*** Dataset records Section Begins ***

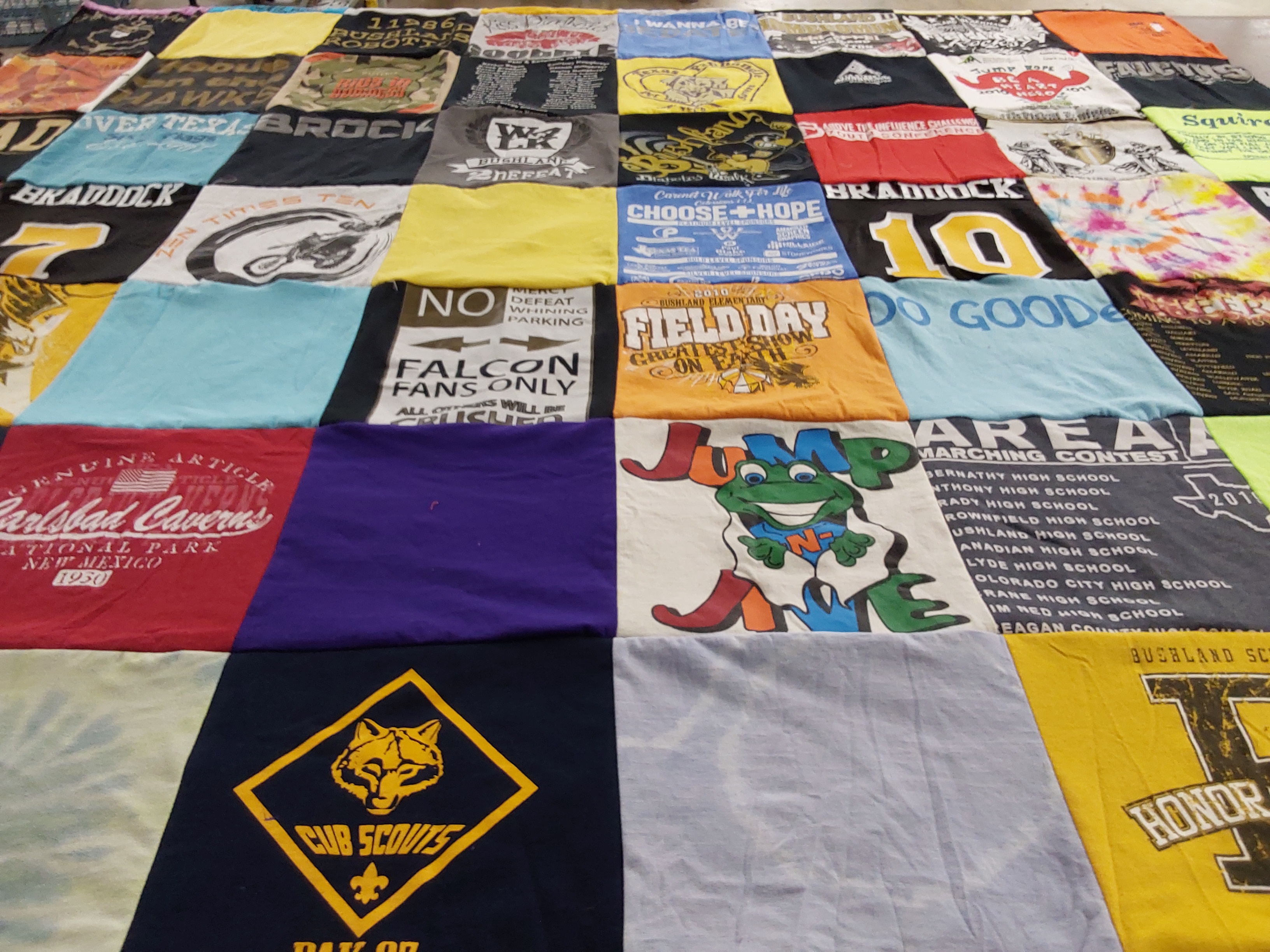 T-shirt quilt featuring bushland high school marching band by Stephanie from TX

*** Dataset records Section Ends ***
*** Dataset records Section Begins ***

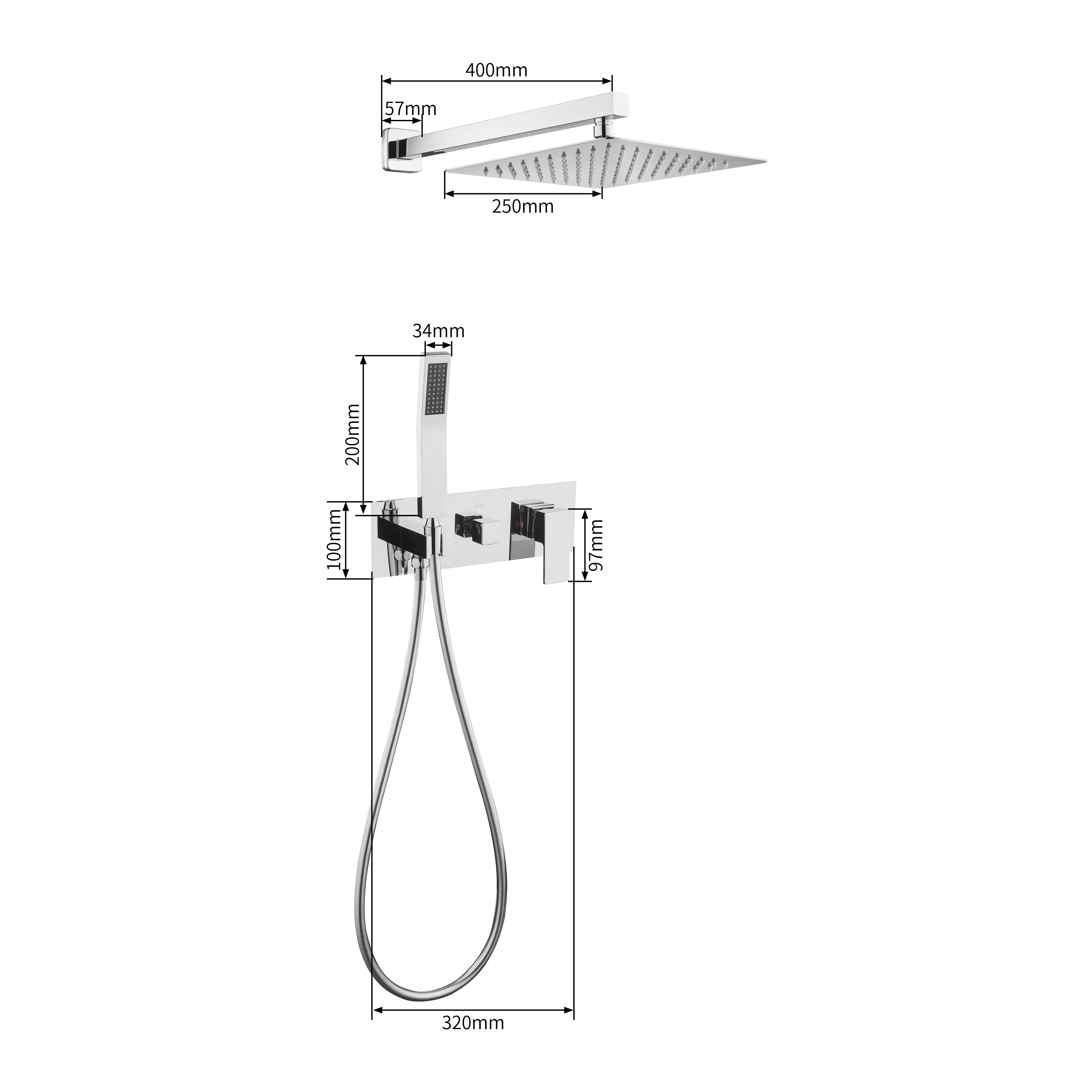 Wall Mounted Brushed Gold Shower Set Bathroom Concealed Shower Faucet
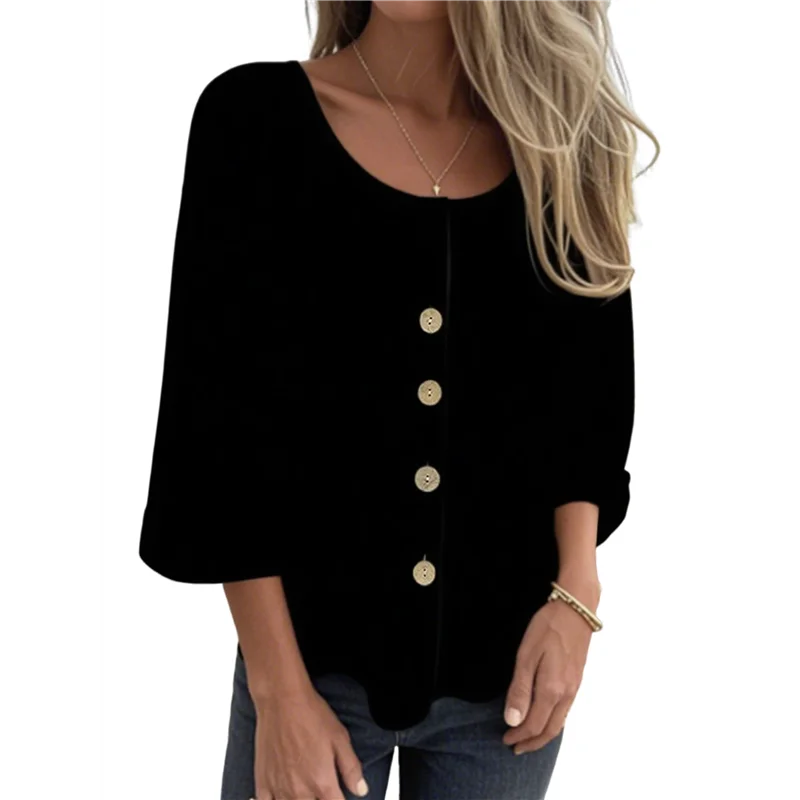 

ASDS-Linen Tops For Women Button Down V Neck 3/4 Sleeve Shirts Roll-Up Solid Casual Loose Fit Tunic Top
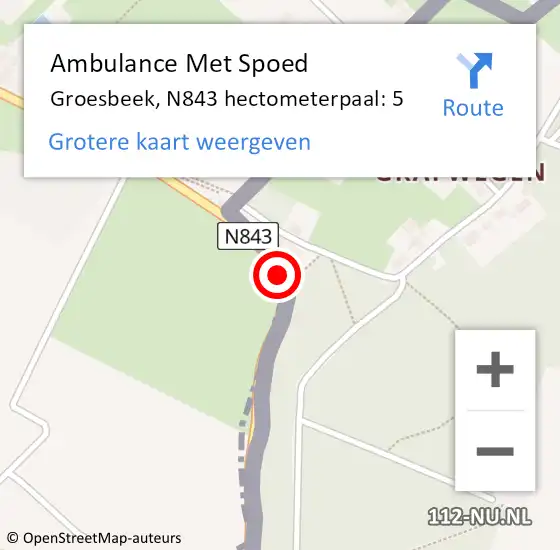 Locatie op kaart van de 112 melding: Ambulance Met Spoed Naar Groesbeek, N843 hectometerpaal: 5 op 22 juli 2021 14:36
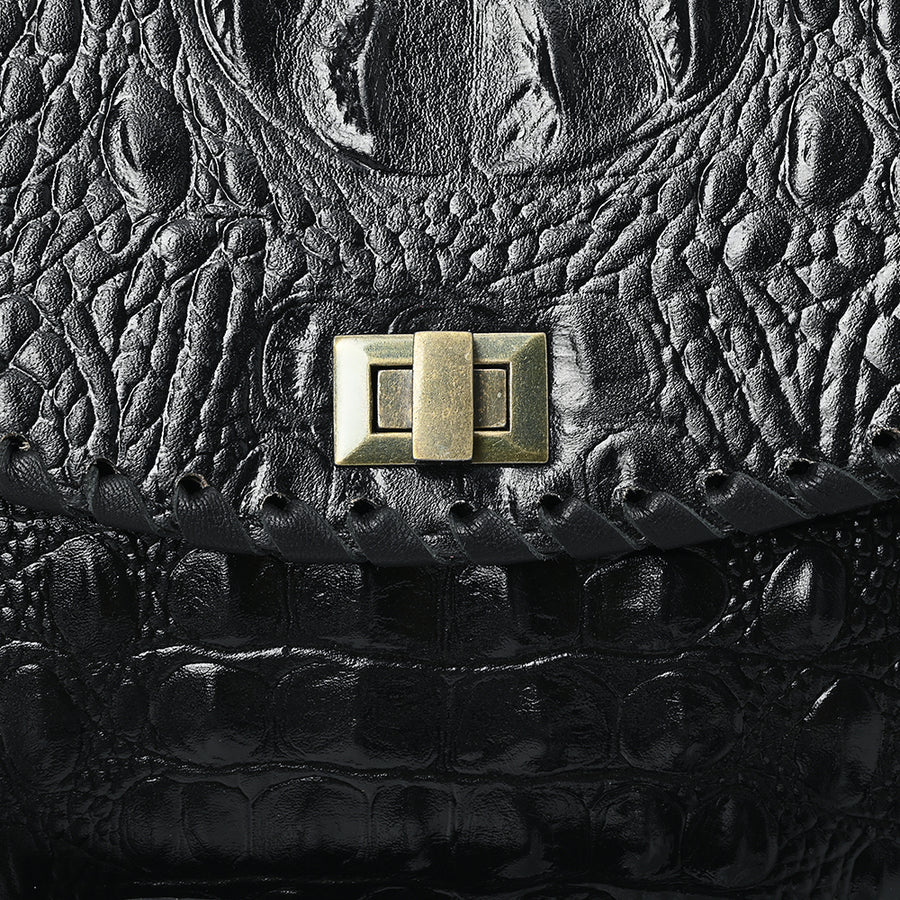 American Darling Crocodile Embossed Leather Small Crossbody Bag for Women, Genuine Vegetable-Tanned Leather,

*** Dataset records Section Ends ***

# Task brief
Give back the exact lines above, running from the one that has "ASDS-Linen Tops For" through the one that has "American Darling Crocodile", with nothing added and no pictures.

# Exercise output
ASDS-Linen Tops For Women Button Down V Neck 3/4 Sleeve Shirts Roll-Up Solid Casual Loose Fit Tunic Top
 Locatie op kaart van de 112 melding: Ambulance Met Spoed Naar Groesbeek, N843 hectometerpaal: 5 op 22 juli 2021 14:36
 American Darling Crocodile Embossed Leather Small Crossbody Bag for Women, Genuine Vegetable-Tanned Leather,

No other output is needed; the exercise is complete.